High-asset divorces are certainly subject to many questions concerning how much property from a divorcing couple’s financial portfolio will be divided. Assets can range from pensions, stock options, real estate, and even art. You can bet that these are all considered into the equation when totaling marital property. But what asset transfers during property division decisions can be subject to taxes? This is an important question to ask when you are interested in protecting your assets in a divorce.
As you consider your finances during the divorce process, at first, you need to get a handle on the total value of all assets making sure not to leave anything out. Normally, the transfer of assets between spouses during the divorce is not considered a taxable event. But of course, there are exceptions.

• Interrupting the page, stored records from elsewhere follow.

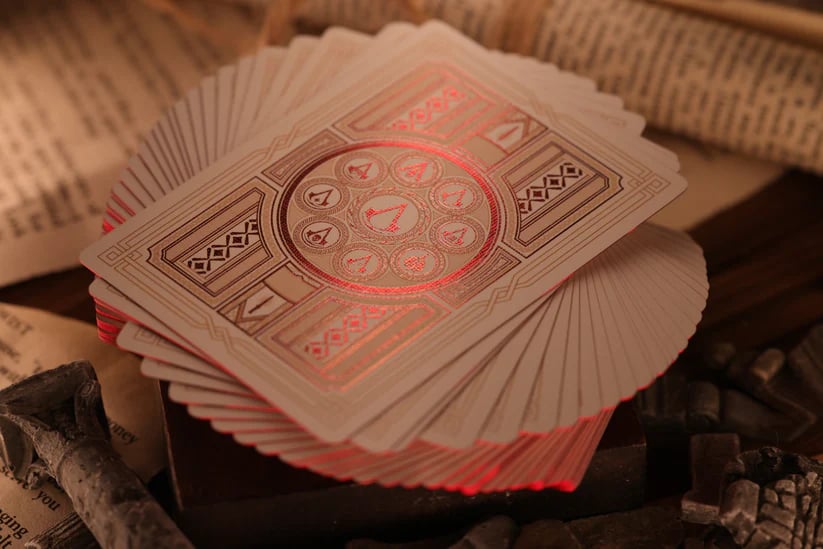 Room One Cards《Assassins Creed Legacy Ver. II》Playing Cards 啤牌(Garnet Signature Edition)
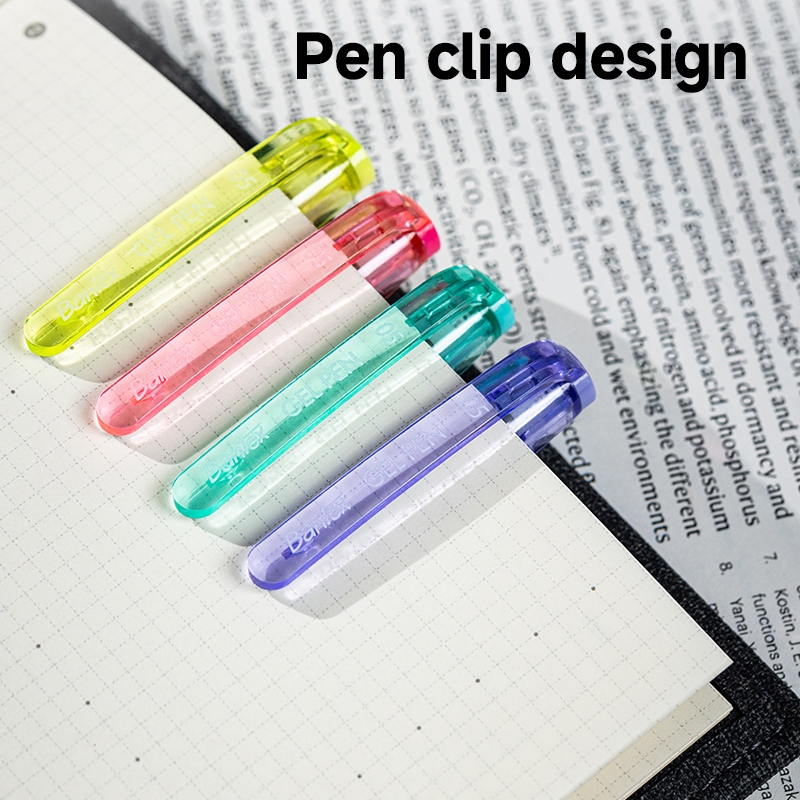 Bantex Pulpen Gel Pen Tip 0.5 mm Tinta Cepat Kering Grip Matte BG1101 (4)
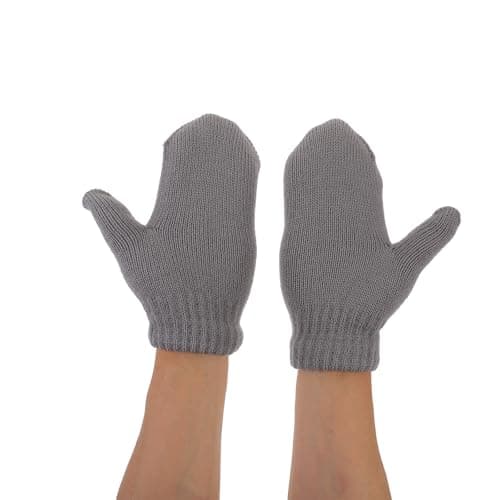 3 Pairs Women Winter Mittens Acrylic Fiber Warm Gloves for Skiing — view 4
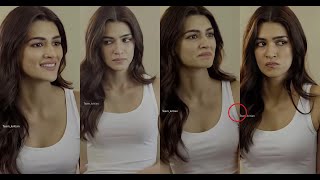 Kriti Sanon Super Seducing Double Meaning Facial Expression In White Sports Bra Outfit.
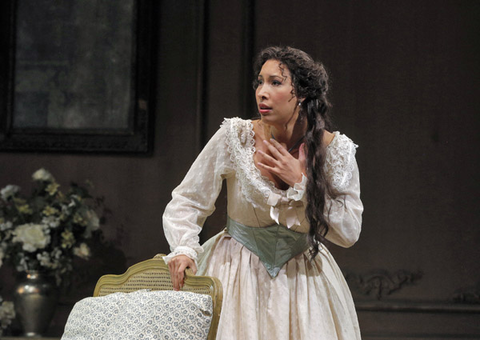 Nicole Cabell (Violetta Valéry), La Traviata, Giuseppe Verdi. San Francisco Opera, 2013-14. Photographer: Cory Weaver/San Francisco Opera.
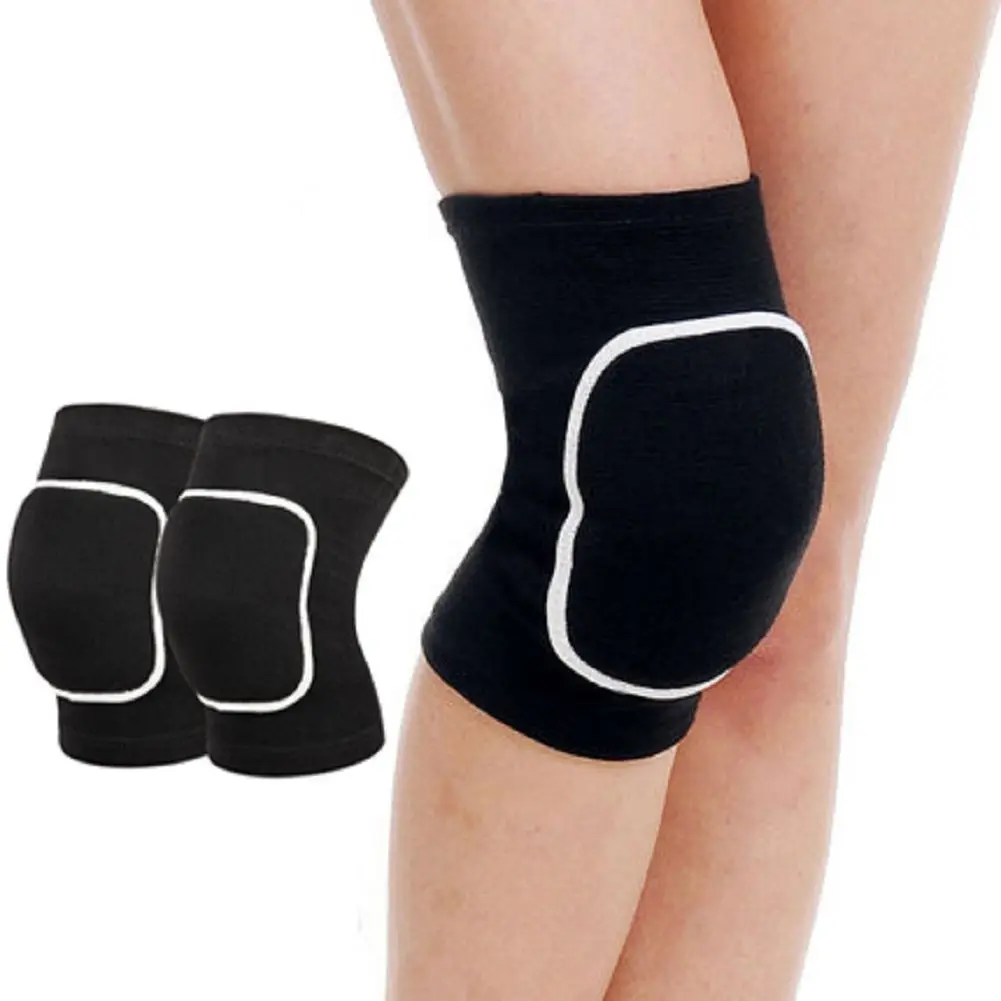 2-teilige Crossfit-Knieschoner Fitness-Stützbandage Volleyball Basketball Sport-Kniebandage Ärmel Bodybuilding Workout-Bandage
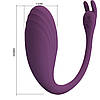 Віброяйце з керуванням через мобільний додаток та 12 режимами вібрації Pretty Love Catalina Remoste Stimulator Purple, фото 10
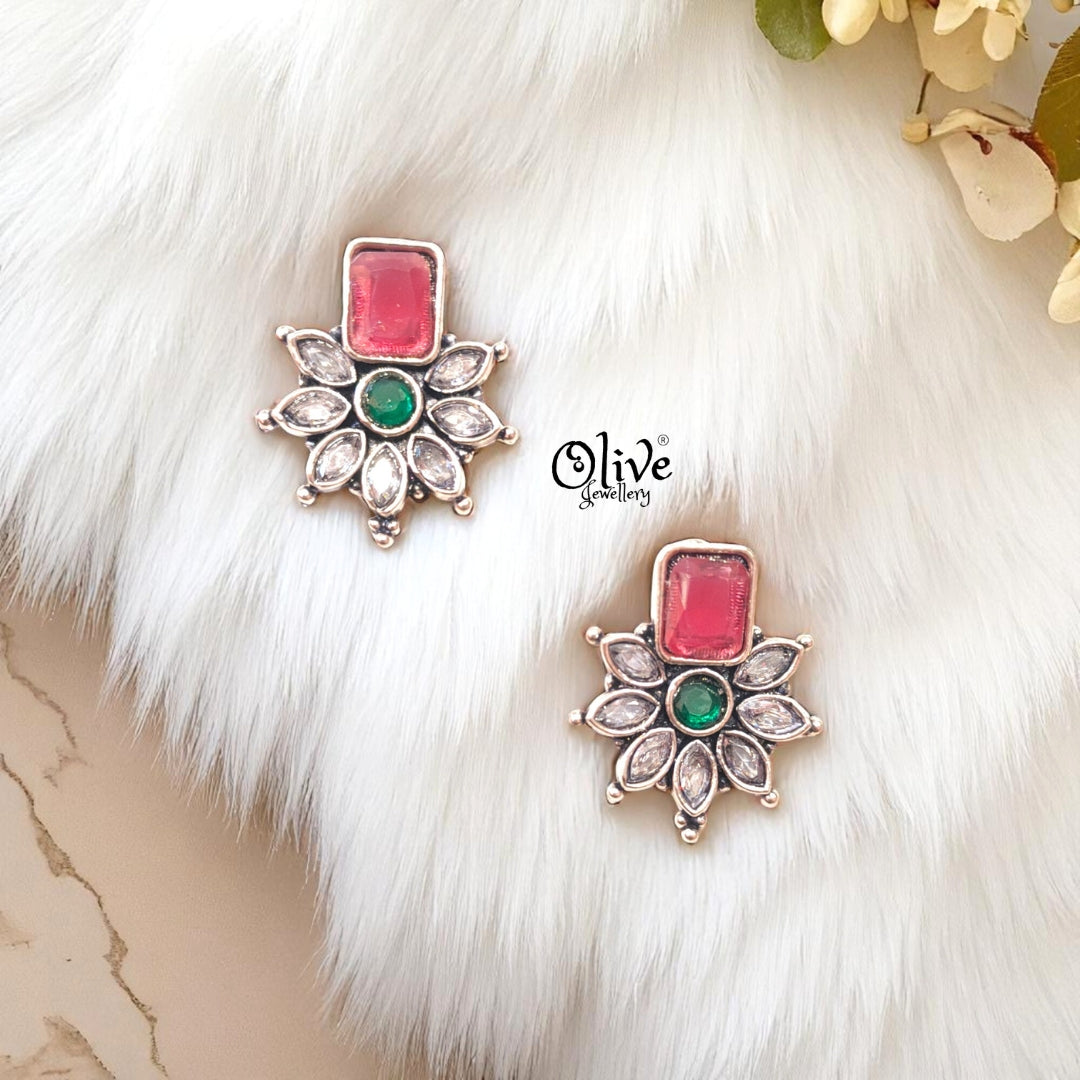 Oxidized Earrings - 321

Accumulated assets are one of those exceptions. Accumulated assets include mutual funds, stocks, bonds or artwork which can be subject to a capital gains tax bill. For example, if you buy half of the stock from your divorcing spouse you will be subject to the capital gains tax when you buy half of the originally mutual shares however your spouse, will not.
One thing you shouldn’t need to worry about is transferring cash. For example, if you and your spouse have $50,000 in a savings account and you are entitled to $25,000 you will likely not have to pay tax on that money transfer since divorce is the reason for the split.
Each divorce and circumstance is different. Therefore, these rules mentioned above should only be used as general information and not specific legal advice. Divorce can take your lump sum of assets and cash and make it feel significantly smaller. An attorney can help people protect their assets and get the most from their divorce.